The publication provides details from experts familiar with the United States Air Force’s capabilities which “outlined the decline in relative spending for the military branch and the decreasing number and increasing age of the tactical aircraft fleet, along with the lack of modernization and new aircraft.”

The U.S. Air Force (USAF) lacks the ability to “fight a peer conflict, deter elsewhere, and defend the homeland as required by the National Defense Strategy,” according to retired Air Force Lieutenant General David A. Deptula and former Air Force Colonel Mark Gunzinger.

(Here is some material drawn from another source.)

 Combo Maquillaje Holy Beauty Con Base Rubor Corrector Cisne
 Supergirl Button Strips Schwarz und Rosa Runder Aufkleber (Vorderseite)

 Foreign Desk News writes:

One of the most significant reasons for this is the decline in combat power and morale in the Air Force is apparent in flying hours, overall readiness, force mentality, and esprit de corps. In the last year alone, flying hours across all aircraft in the Air Force averaged 10.1 hours per month, whereas, in the 1990s, Air Force pilots averaged around 29 flights per month.

In the past, pilots in the USAF could cite their experience and training as a competitive advantage over large numbers of technologically advanced aircraft fielded by America’s enemies. In 2013 however, pilots could no longer boast of their training, experience, or aircraft advancements. The same year, USAF officials noted that training hours for pilots dropped to the level once occupied by Soviet pilots during the Cold War, with American pilots having fewer hours than Chinese, Indian, or European pilots.

In the years after 2013, the USAF was short 2,000 pilots and has been unable to attract, produce, and hold enough people to fill cockpits. Additionally, the paper points out that the lack of modern equipment for the USAF has been another significant problem for the military branch.

According to Deptula and Gunzinger, past budgets from the American government have divested thousands of aircrafts rather than buying new ones, “providing the Air Force with a smaller, older, and less ready force in the near term.”

Today, the Air Force stands at 2,176 aircrafts compared with a fleet operated by China’s Air Force and its Naval Air Force of around 1,700 combat aircrafts.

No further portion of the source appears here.